I'm looking for some help about the following question
Let $u \in \mathrm{H}^1_0(\Omega)$ with $\nabla u \in \mathrm{L}^{\infty}(\Omega)$ where $\Omega$ stands for a regular bounded subset of $\mathbb{R}^d$ (actually, $d=3$).
I want to show that there exists a sequence of test functions $(u_n)$ with $u_n \in C_c^{\infty}(\Omega)$ such that :
- $u_n \rightarrow u \ \ $ in $\ \ \mathrm{L}^1(\Omega)$
- $\Vert \nabla u_n \Vert_{\mathrm{L}^{\infty}(\Omega)} \lesssim \Vert \nabla u \Vert_{\mathrm{L}^{\infty}(\Omega)}$ for all $n$, with $\lesssim$ independant of $n$
I tried different regularization/truncature procedures but without success... Any help is welcomed !
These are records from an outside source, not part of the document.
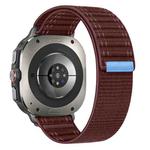 For Samsung Galaxy Watch Ultra 47mm Sea Wave Texture Nylon Hook and Loop Fastener Watch Band(Wine Red)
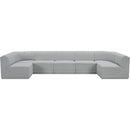  Manufacturer Color_Grey -- Ollie 158" Grey Boucle Fabric Upholstered 7 pc Modular Sectional IMAGE 5
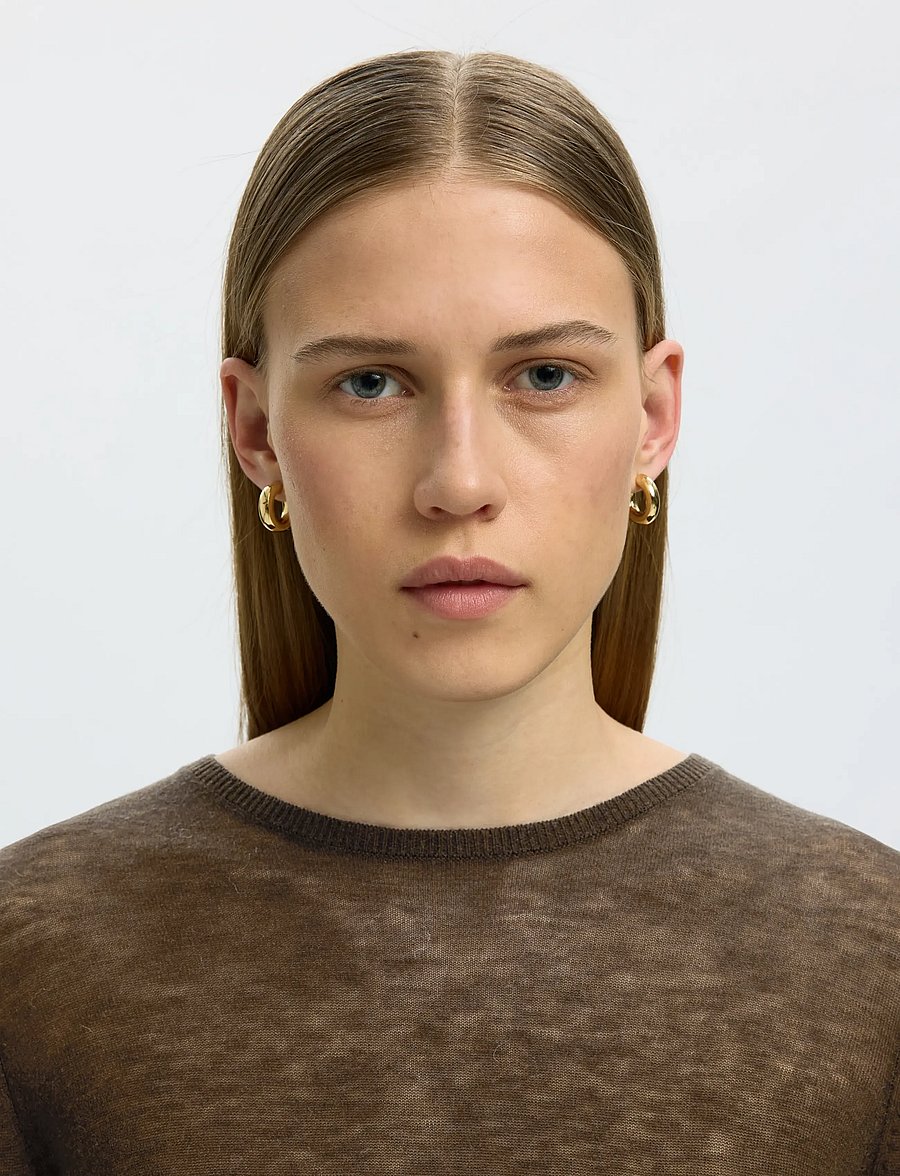 Selected - SLWVENDY LS KNIT WOOL O-NECK NOOS - striktrøjer - delicioso - 4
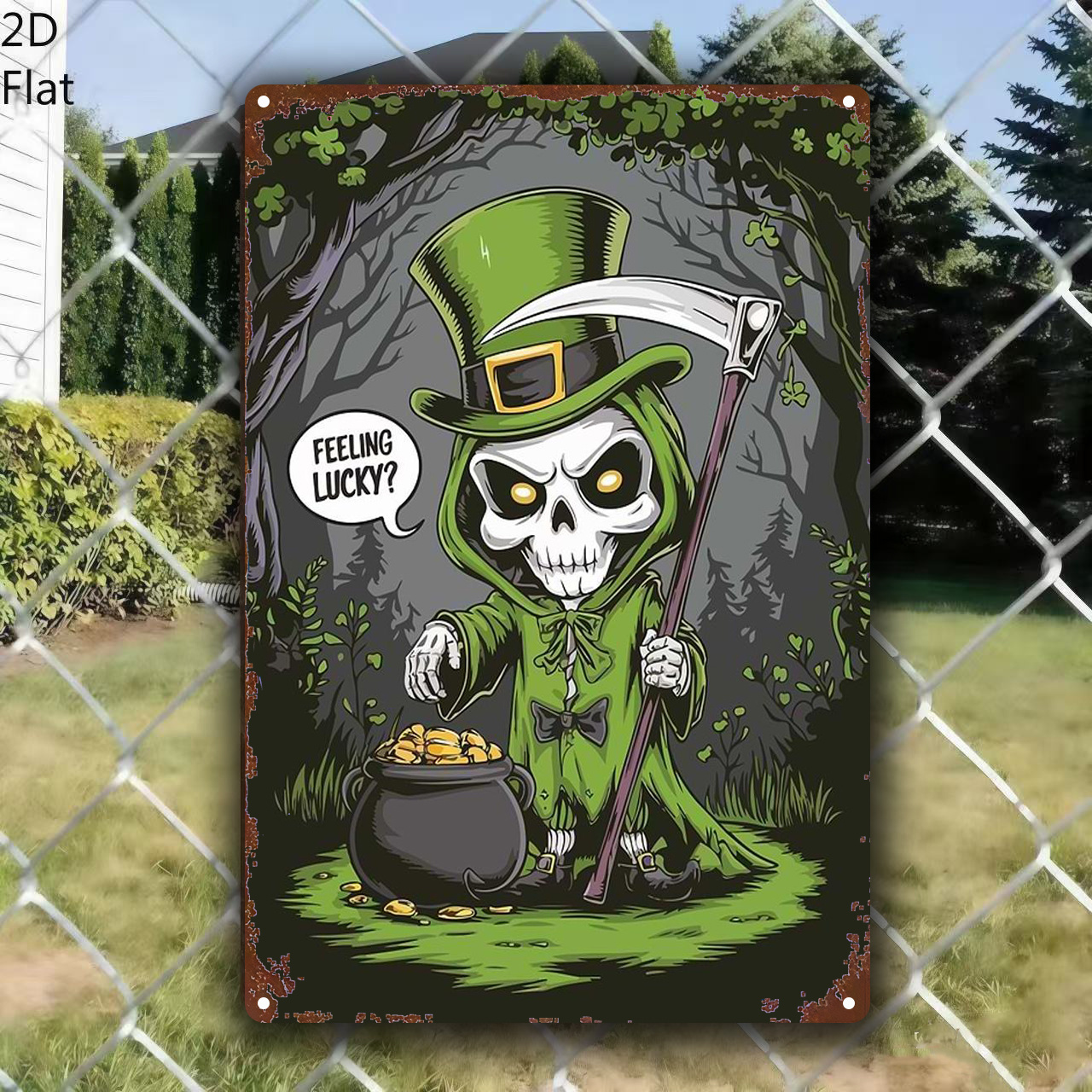 2D Flat Gothic Irish Reaper Metal Wall Decor 2D Flat Gothic Irish Reaper Metal Wall Decor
Let $u_\epsilon = \phi_\epsilon * u$ the the mollification of $u$ with the standard mollifier $\{\phi_\epsilon\}$ on $\mathbb{R}^d$. It is standard to show that $u_\epsilon \to u$ in $H^1(\mathbb{R}^d)$ and so in particular $$ \|u_\epsilon - u\|_{L^1} \leq |\Omega|^{1/2}\|u_\epsilon - u\|_{L^1} \to 0. $$ As for the $L^\infty$ bound, we have $$ |\partial_{x_i}u_\epsilon(x)| \leq \int_\Omega |\partial_{x_i}u(y)|\phi_\epsilon(x - y)\, dy \leq \|\partial_{x_i}u(y)\|_{L^\infty}\|\phi\|_{L^1} \leq \|\nabla u\|_{L^\infty}. $$ This requires some extra explaining, actually, because this is only valid for $x \in \Omega_\epsilon = \{x \in \Omega | \text{dist}(x, \partial \Omega) < \epsilon\}$. However, since the result holds for $\epsilon > 0$ arbitrary, it thus holds for any $x \in \bigcup_{\epsilon > 0}\Omega_\epsilon = \Omega$. Another way of justifying it might be using the extension theorem to extend $u$ to a function $\bar{u}$ on all of $\mathbb{R}^d$ with $\|\bar{u}\|_{H^1} \leq C\|u\|_{H^1(\Omega)}$, although I'm not sure if you'd get that $\nabla \bar{u}$ is in $L^\infty$ like you would need.